**EXERCISE:**
Give back only the lines in the records below from the one with "[NOVEL] Người Chồng Độc Ác" to the one with "蛋毯日本豆腐-新白鹿餐厅(爱琴海购物中心店)", both inclusive, word for word.

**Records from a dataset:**

Content starts

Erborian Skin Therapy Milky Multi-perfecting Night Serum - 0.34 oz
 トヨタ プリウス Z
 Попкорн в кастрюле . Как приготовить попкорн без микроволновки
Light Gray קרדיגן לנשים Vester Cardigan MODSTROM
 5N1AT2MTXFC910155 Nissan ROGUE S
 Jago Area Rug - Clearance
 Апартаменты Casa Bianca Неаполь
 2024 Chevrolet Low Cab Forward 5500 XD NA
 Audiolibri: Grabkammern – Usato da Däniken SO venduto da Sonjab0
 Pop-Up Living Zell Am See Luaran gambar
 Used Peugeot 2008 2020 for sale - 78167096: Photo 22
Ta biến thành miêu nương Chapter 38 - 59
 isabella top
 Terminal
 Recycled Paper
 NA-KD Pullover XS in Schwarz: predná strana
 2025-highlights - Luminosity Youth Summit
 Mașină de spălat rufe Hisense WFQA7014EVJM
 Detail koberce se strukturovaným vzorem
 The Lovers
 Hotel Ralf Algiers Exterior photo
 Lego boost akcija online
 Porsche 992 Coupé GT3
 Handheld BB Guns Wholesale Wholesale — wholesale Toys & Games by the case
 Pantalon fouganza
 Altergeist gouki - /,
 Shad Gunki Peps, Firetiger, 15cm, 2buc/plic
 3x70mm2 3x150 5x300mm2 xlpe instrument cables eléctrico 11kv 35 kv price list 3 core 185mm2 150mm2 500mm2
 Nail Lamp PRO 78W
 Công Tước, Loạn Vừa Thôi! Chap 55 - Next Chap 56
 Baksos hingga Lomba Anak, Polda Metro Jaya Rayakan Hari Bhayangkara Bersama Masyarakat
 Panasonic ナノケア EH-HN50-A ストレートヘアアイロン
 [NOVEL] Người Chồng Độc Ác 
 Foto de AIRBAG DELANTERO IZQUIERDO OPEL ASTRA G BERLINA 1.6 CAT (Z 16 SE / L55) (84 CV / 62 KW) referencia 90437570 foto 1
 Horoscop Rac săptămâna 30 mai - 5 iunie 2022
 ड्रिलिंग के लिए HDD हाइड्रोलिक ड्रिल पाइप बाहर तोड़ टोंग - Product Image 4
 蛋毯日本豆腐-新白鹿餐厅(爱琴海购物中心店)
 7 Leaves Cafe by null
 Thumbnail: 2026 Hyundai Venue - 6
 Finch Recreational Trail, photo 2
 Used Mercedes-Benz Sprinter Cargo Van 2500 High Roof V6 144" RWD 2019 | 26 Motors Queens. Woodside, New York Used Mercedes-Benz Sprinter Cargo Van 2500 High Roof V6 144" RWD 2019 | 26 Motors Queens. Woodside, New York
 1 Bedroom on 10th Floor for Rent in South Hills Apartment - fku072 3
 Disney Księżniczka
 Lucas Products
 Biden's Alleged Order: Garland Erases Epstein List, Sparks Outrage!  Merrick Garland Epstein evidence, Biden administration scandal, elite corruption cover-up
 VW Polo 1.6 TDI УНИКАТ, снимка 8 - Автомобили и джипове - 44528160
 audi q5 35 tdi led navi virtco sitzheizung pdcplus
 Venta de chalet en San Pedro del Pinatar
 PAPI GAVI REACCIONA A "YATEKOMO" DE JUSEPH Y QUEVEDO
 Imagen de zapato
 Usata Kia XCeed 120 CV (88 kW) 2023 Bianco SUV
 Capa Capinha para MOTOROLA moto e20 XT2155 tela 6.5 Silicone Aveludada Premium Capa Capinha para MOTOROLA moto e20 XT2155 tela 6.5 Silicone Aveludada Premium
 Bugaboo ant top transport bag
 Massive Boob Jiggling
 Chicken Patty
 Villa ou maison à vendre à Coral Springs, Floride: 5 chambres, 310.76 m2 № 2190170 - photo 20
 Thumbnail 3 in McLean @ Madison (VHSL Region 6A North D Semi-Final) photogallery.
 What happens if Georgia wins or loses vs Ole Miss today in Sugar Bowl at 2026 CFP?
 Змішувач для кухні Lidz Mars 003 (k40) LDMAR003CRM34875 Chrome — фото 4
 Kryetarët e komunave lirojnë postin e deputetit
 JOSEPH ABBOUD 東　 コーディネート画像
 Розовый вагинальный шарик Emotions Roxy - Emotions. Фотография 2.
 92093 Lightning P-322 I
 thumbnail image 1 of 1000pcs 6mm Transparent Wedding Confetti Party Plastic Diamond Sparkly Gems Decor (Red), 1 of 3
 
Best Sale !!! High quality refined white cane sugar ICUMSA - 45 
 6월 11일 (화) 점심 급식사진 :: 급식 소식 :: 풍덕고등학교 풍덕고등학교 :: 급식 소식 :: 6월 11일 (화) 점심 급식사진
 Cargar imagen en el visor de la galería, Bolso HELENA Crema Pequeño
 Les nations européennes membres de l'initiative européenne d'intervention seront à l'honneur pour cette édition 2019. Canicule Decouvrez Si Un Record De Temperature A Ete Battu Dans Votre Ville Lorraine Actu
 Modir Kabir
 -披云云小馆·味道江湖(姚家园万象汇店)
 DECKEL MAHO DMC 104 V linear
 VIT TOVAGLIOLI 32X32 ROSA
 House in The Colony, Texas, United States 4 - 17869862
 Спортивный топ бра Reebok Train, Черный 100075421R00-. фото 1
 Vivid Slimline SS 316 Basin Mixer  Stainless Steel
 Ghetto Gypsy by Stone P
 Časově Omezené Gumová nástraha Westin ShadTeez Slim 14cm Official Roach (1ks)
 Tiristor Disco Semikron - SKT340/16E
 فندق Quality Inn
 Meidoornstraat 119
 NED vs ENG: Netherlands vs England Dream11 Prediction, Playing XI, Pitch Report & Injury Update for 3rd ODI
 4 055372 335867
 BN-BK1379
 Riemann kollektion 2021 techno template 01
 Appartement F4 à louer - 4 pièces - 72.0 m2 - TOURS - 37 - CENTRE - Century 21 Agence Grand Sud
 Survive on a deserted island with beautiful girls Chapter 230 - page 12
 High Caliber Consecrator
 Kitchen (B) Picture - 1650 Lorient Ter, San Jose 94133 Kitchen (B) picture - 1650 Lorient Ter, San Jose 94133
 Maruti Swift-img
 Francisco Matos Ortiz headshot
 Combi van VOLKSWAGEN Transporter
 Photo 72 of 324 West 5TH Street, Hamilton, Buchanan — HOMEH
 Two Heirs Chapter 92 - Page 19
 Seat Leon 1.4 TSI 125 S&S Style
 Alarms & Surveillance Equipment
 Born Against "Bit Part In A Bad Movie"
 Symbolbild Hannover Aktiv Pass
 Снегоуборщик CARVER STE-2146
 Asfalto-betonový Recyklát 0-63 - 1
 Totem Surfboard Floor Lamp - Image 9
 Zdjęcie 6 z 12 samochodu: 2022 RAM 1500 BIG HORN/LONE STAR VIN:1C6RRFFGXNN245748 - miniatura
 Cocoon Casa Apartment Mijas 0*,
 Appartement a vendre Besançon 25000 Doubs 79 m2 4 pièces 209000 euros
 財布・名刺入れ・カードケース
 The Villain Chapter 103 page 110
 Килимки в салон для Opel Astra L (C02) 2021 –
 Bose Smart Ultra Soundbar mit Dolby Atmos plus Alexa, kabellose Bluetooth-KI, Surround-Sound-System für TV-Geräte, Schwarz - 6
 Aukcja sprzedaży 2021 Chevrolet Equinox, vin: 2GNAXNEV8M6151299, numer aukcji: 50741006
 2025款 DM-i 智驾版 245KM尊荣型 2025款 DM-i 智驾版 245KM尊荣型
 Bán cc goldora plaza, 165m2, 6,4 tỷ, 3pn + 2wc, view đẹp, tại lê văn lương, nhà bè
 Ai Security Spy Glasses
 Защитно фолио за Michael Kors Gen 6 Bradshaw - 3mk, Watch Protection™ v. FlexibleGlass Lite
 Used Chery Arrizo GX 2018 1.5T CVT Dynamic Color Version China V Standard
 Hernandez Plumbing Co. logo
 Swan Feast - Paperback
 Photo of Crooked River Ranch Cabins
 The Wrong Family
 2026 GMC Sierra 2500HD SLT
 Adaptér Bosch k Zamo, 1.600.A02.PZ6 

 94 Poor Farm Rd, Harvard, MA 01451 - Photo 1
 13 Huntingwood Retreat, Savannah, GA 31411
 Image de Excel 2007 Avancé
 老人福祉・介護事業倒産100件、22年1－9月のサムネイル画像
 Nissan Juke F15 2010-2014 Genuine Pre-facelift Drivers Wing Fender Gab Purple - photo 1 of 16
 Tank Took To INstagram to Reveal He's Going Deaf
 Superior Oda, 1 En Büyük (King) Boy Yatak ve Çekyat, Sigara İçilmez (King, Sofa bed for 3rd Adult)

Content ends

**SOLVED PROBLEM:**
 [NOVEL] Người Chồng Độc Ác 
 Foto de AIRBAG DELANTERO IZQUIERDO OPEL ASTRA G BERLINA 1.6 CAT (Z 16 SE / L55) (84 CV / 62 KW) referencia 90437570 foto 1
 Horoscop Rac săptămâna 30 mai - 5 iunie 2022
 ड्रिलिंग के लिए HDD हाइड्रोलिक ड्रिल पाइप बाहर तोड़ टोंग - Product Image 4
 蛋毯日本豆腐-新白鹿餐厅(爱琴海购物中心店)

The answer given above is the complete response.